====== DATA TO USE

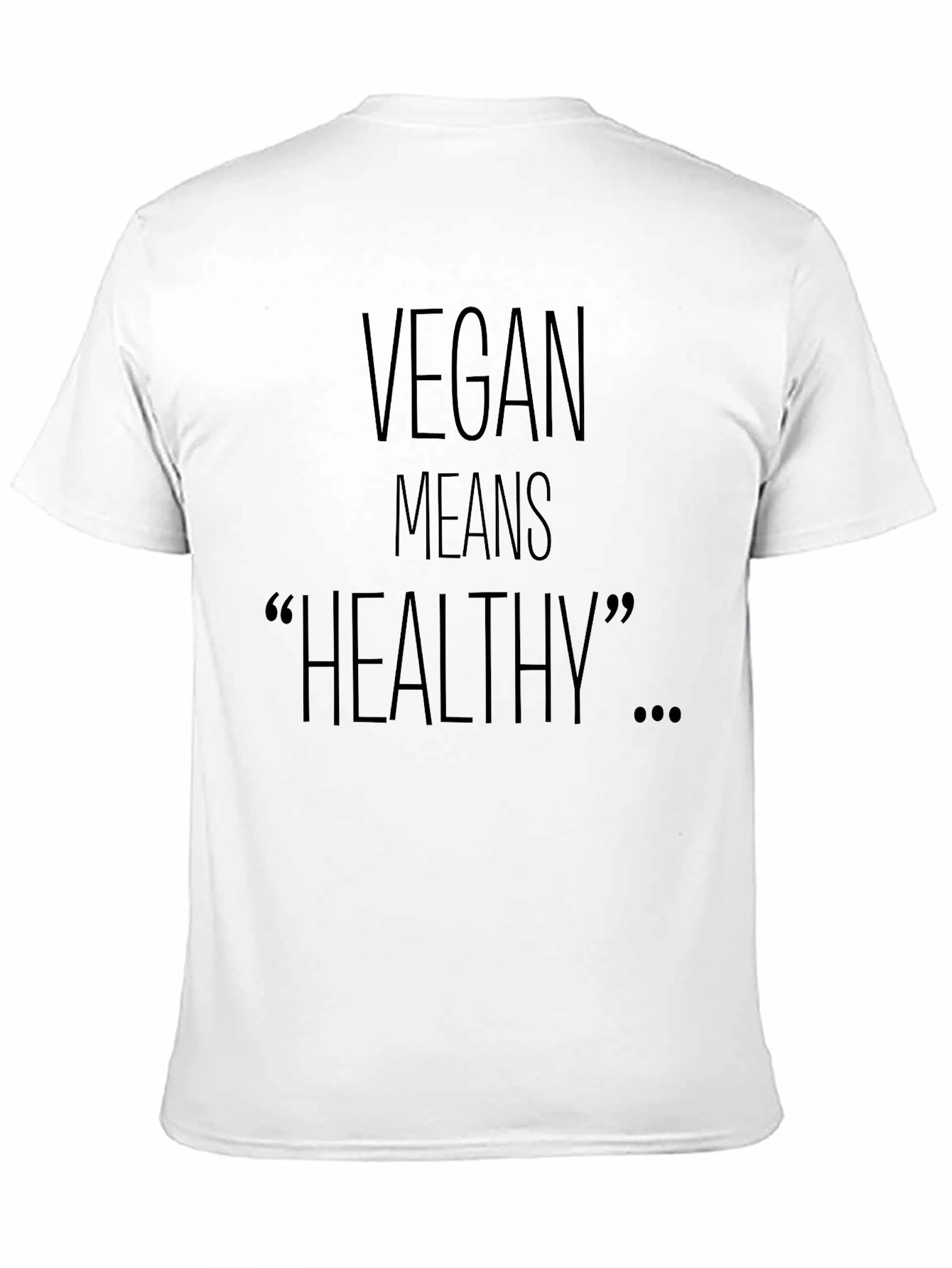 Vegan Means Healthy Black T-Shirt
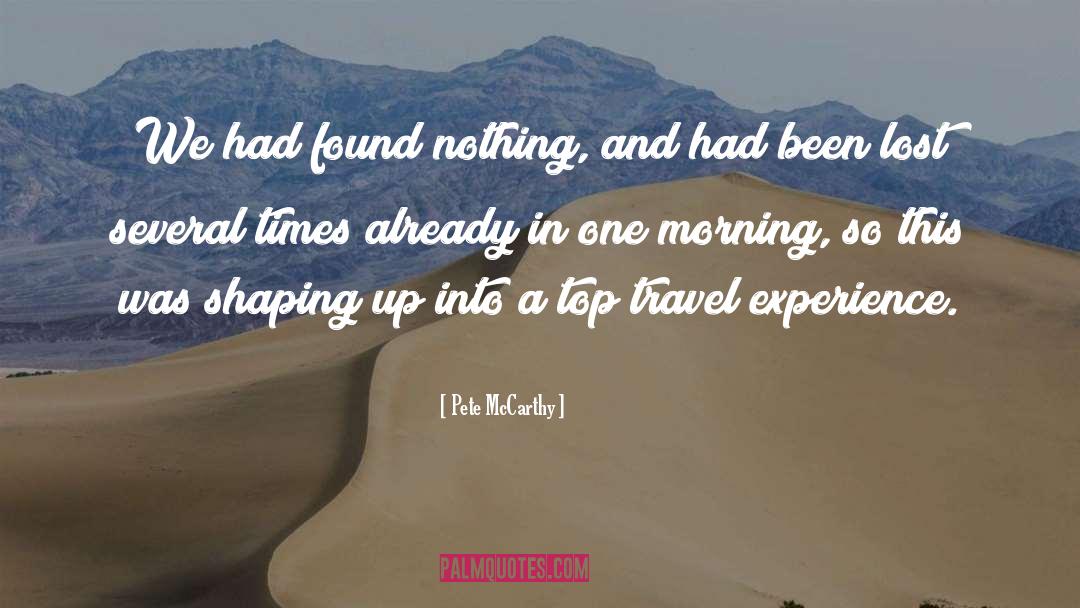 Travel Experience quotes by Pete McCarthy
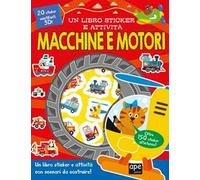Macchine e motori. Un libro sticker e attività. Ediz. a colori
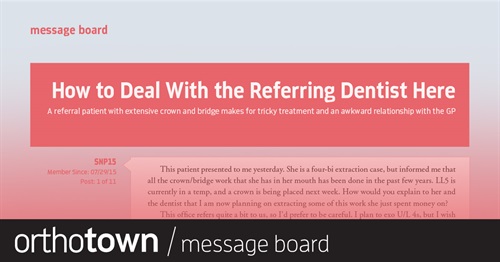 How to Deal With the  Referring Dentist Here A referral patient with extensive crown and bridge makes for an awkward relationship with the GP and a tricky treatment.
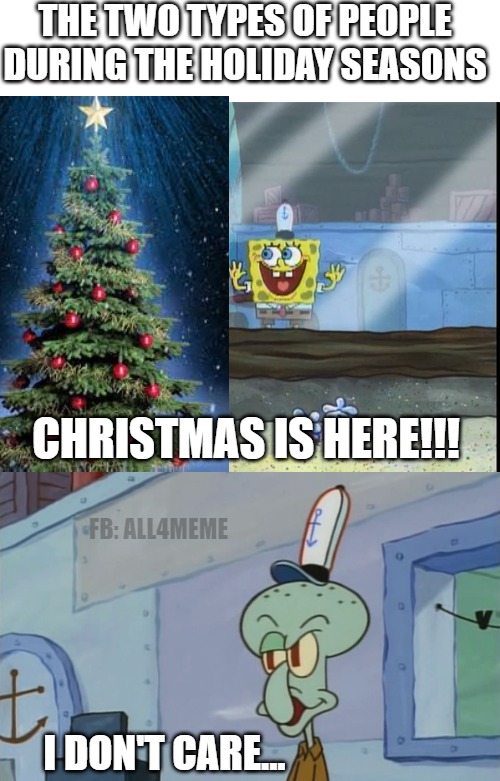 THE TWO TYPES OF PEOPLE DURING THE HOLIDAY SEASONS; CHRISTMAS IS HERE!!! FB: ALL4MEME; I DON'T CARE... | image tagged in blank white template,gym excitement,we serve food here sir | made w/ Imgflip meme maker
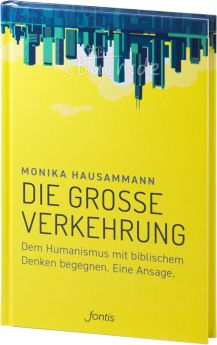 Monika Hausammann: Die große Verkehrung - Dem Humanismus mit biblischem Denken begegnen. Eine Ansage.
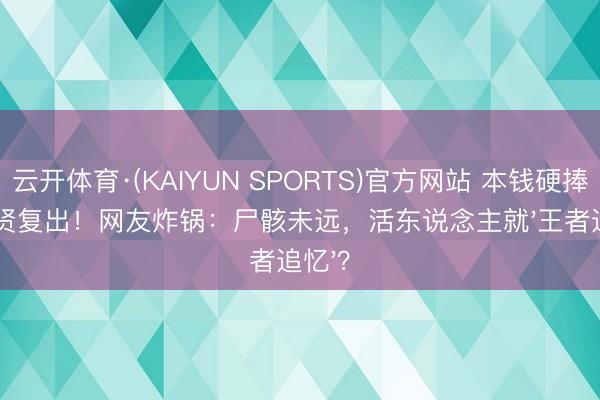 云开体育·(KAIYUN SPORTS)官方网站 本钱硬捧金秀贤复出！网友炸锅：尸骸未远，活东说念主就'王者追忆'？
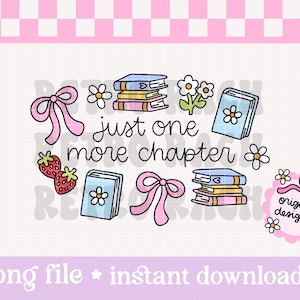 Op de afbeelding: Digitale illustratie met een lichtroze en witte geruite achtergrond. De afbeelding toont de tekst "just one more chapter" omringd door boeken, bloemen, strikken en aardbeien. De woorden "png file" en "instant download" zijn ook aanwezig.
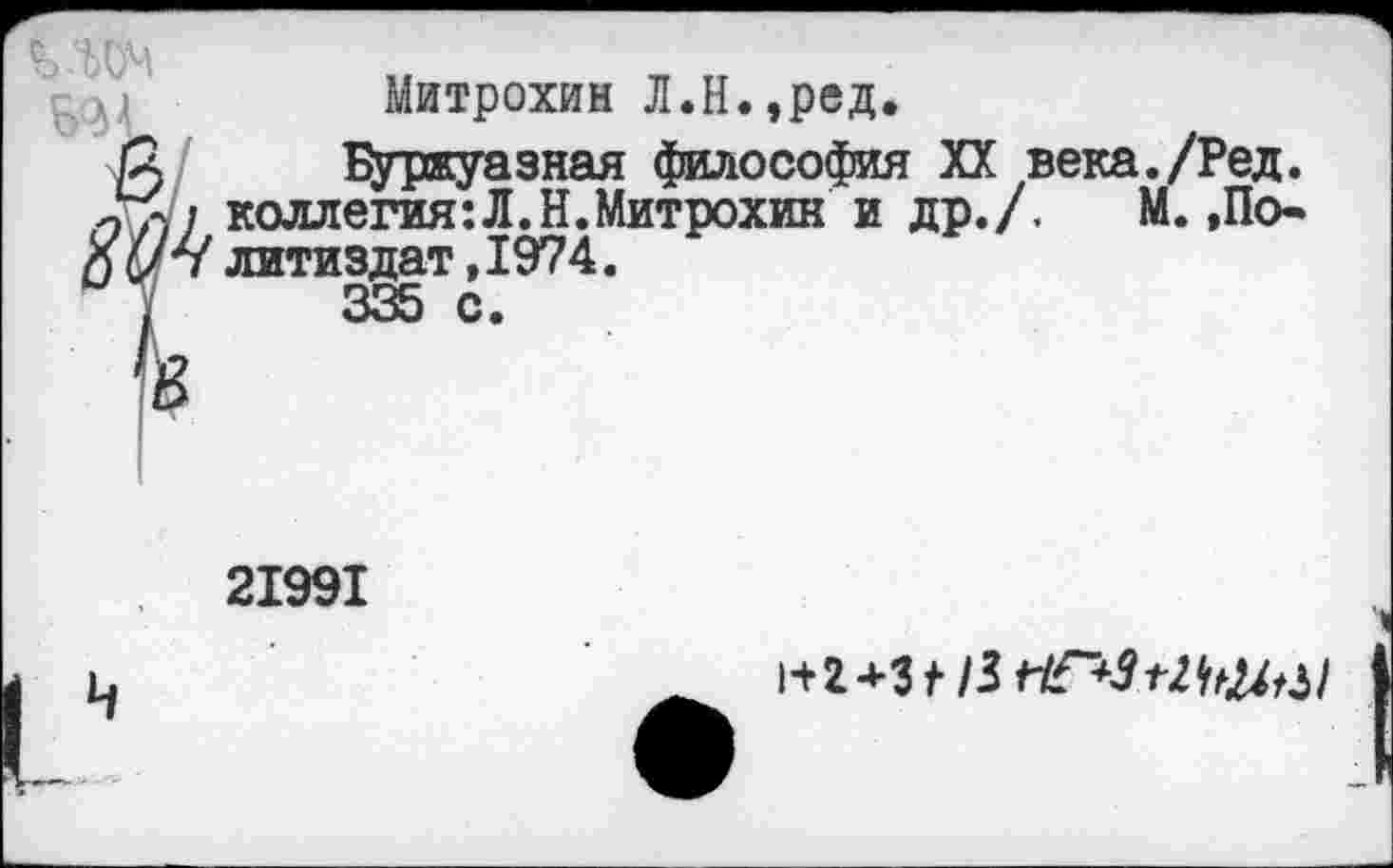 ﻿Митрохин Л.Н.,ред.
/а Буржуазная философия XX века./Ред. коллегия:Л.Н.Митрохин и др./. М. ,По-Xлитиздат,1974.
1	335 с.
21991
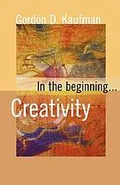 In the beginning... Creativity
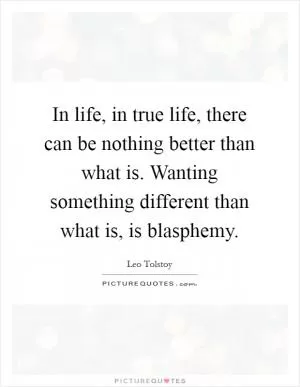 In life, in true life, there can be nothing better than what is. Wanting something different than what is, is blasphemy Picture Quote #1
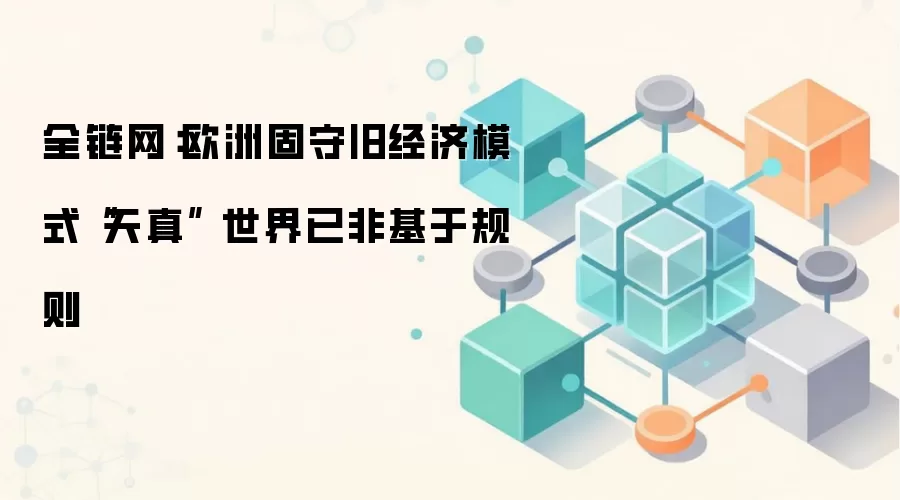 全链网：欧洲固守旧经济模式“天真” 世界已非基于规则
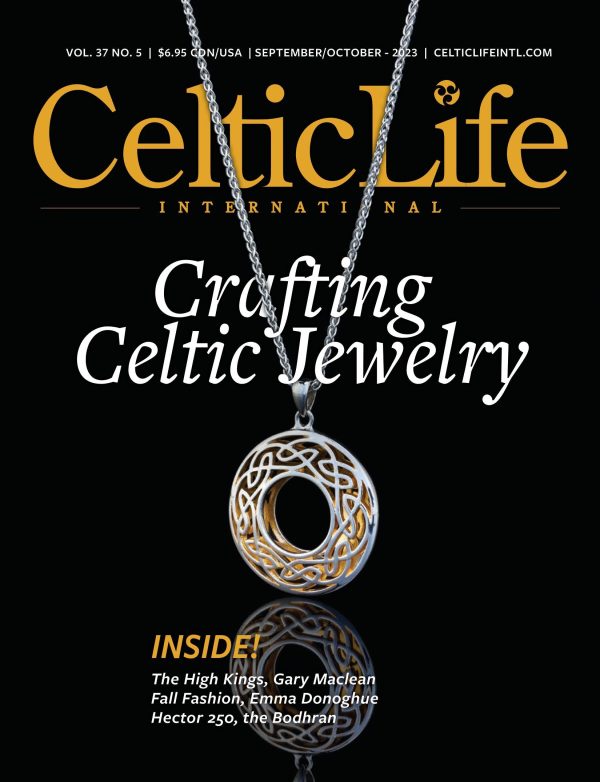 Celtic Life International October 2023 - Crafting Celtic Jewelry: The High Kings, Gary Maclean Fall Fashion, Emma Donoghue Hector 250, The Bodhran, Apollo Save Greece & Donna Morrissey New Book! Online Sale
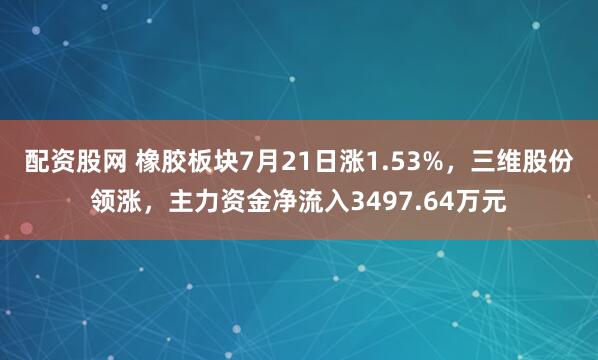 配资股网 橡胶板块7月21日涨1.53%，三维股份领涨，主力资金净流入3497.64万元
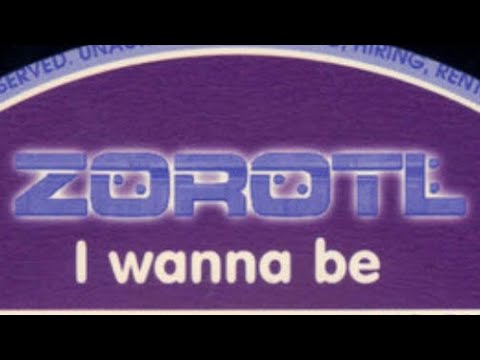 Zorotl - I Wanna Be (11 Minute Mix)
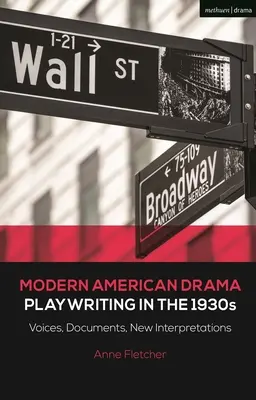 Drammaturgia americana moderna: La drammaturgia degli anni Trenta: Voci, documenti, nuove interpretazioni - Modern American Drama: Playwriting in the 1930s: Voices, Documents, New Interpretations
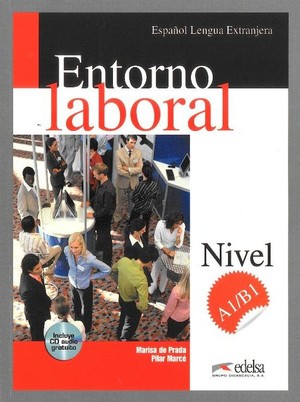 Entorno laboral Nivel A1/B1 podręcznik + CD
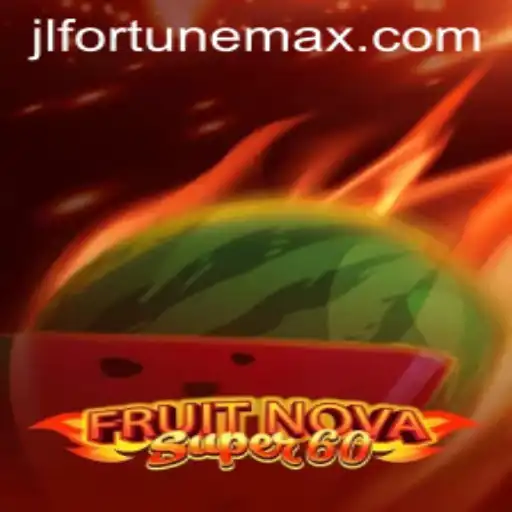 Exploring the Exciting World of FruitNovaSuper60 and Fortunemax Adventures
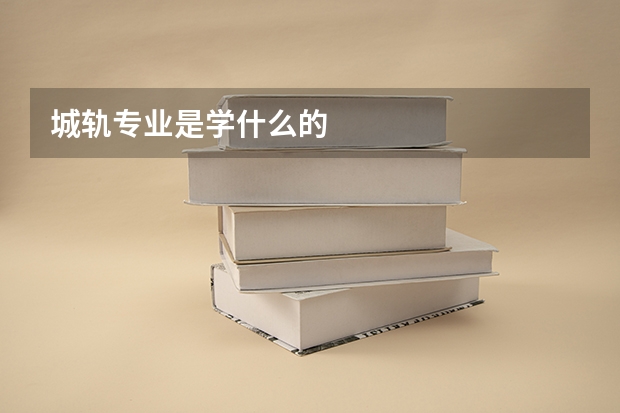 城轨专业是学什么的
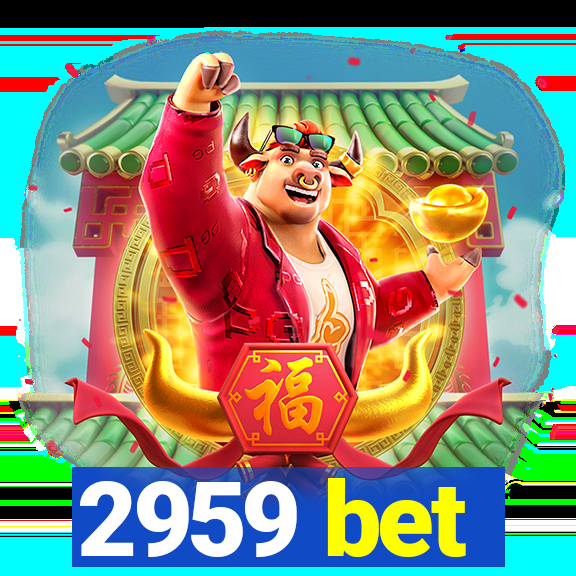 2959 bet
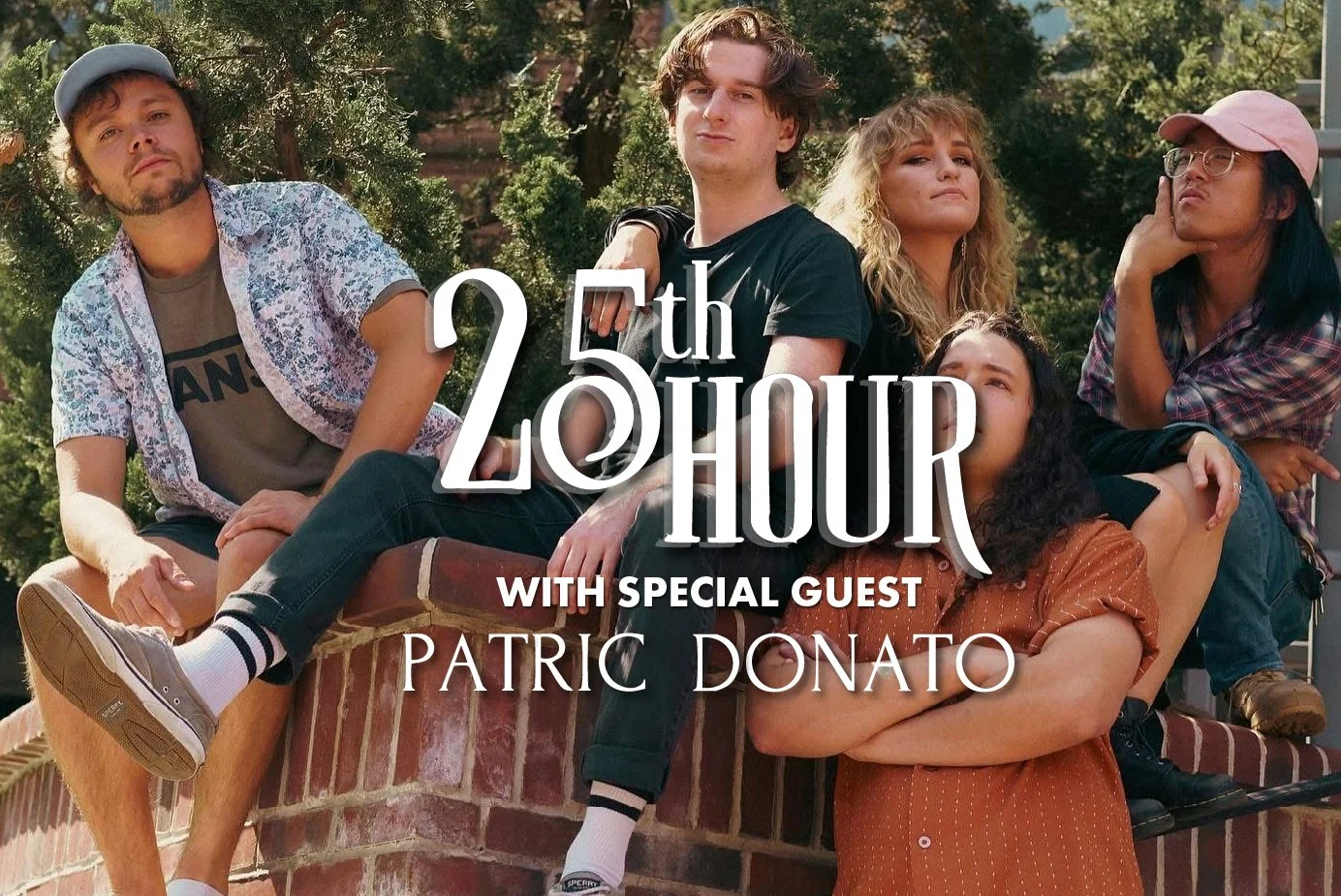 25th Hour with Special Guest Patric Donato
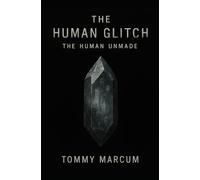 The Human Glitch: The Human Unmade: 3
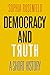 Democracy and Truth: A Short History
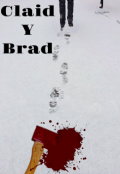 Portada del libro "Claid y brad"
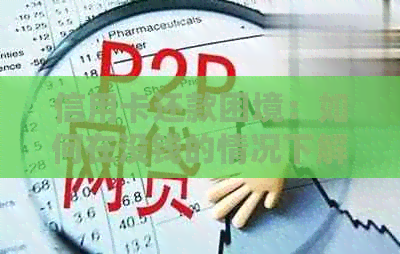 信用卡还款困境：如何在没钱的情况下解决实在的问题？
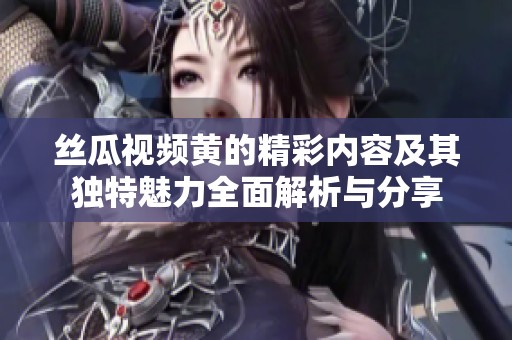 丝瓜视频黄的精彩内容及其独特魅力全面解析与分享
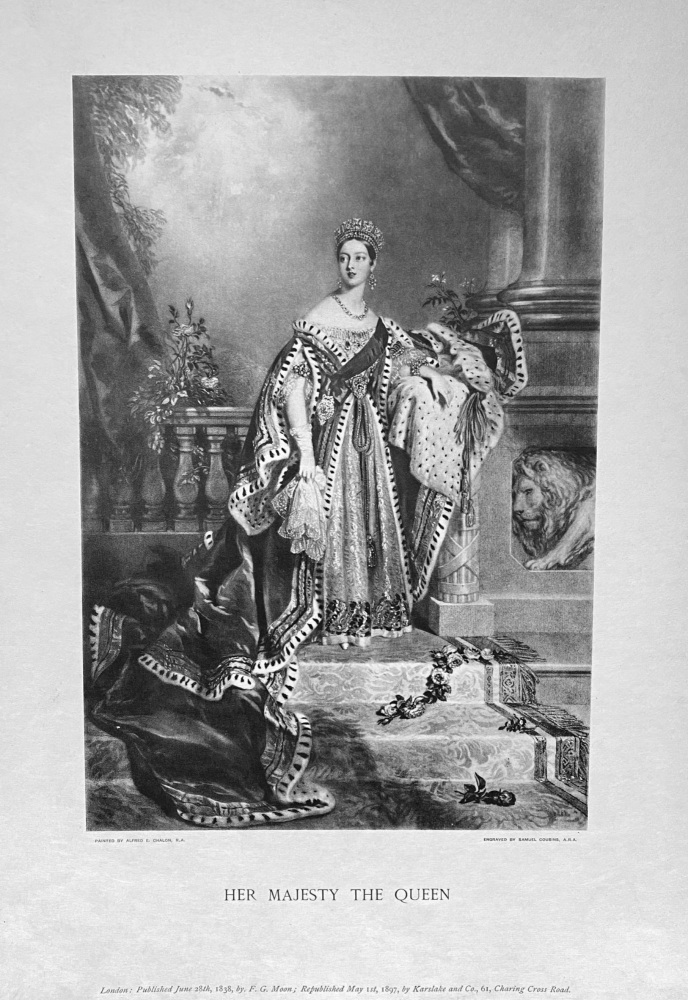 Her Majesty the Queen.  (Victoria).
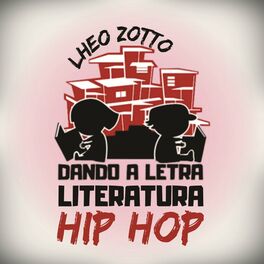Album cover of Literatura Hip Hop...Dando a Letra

============

__WHAT THIS TASK INVOLVES__:
A faithful copy of all the records is required, with the pictures left out.

__ANSWER SECTION__:
 Vegan Means Healthy Black T-Shirt
 Travel Experience quotes by Pete McCarthy
Macchine e motori. Un libro sticker e attività. Ediz. a colori
 How to Deal With the  Referring Dentist Here A referral patient with extensive crown and bridge makes for an awkward relationship with the GP and a tricky treatment.
 THE TWO TYPES OF PEOPLE DURING THE HOLIDAY SEASONS; CHRISTMAS IS HERE!!! FB: ALL4MEME; I DON'T CARE... | image tagged in blank white template,gym excitement,we serve food here sir | made w/ Imgflip meme maker
 Monika Hausammann: Die große Verkehrung - Dem Humanismus mit biblischem Denken begegnen. Eine Ansage.
 云开体育·(KAIYUN SPORTS)官方网站 本钱硬捧金秀贤复出！网友炸锅：尸骸未远，活东说念主就'王者追忆'？
 Op de afbeelding: Digitale illustratie met een lichtroze en witte geruite achtergrond. De afbeelding toont de tekst "just one more chapter" omringd door boeken, bloemen, strikken en aardbeien. De woorden "png file" en "instant download" zijn ook aanwezig.
 ﻿Митрохин Л.Н.,ред.
/а Буржуазная философия XX века./Ред. коллегия:Л.Н.Митрохин и др./. М. ,По-Xлитиздат,1974.
1	335 с.
21991
 In the beginning... Creativity
 In life, in true life, there can be nothing better than what is. Wanting something different than what is, is blasphemy Picture Quote #1
 全链网：欧洲固守旧经济模式“天真” 世界已非基于规则
 Celtic Life International October 2023 - Crafting Celtic Jewelry: The High Kings, Gary Maclean Fall Fashion, Emma Donoghue Hector 250, The Bodhran, Apollo Save Greece & Donna Morrissey New Book! Online Sale
 配资股网 橡胶板块7月21日涨1.53%，三维股份领涨，主力资金净流入3497.64万元
 Zorotl - I Wanna Be (11 Minute Mix)
 Drammaturgia americana moderna: La drammaturgia degli anni Trenta: Voci, documenti, nuove interpretazioni - Modern American Drama: Playwriting in the 1930s: Voices, Documents, New Interpretations
 Entorno laboral Nivel A1/B1 podręcznik + CD
 Exploring the Exciting World of FruitNovaSuper60 and Fortunemax Adventures
 城轨专业是学什么的
 2959 bet
 25th Hour with Special Guest Patric Donato
 The Human Glitch: The Human Unmade: 3
 Democracy and Truth: A Short History
 Portada del libro "Claid y brad"
 信用卡还款困境：如何在没钱的情况下解决实在的问题？
 丝瓜视频黄的精彩内容及其独特魅力全面解析与分享
 Her Majesty the Queen.  (Victoria).
Album cover of Literatura Hip Hop...Dando a Letra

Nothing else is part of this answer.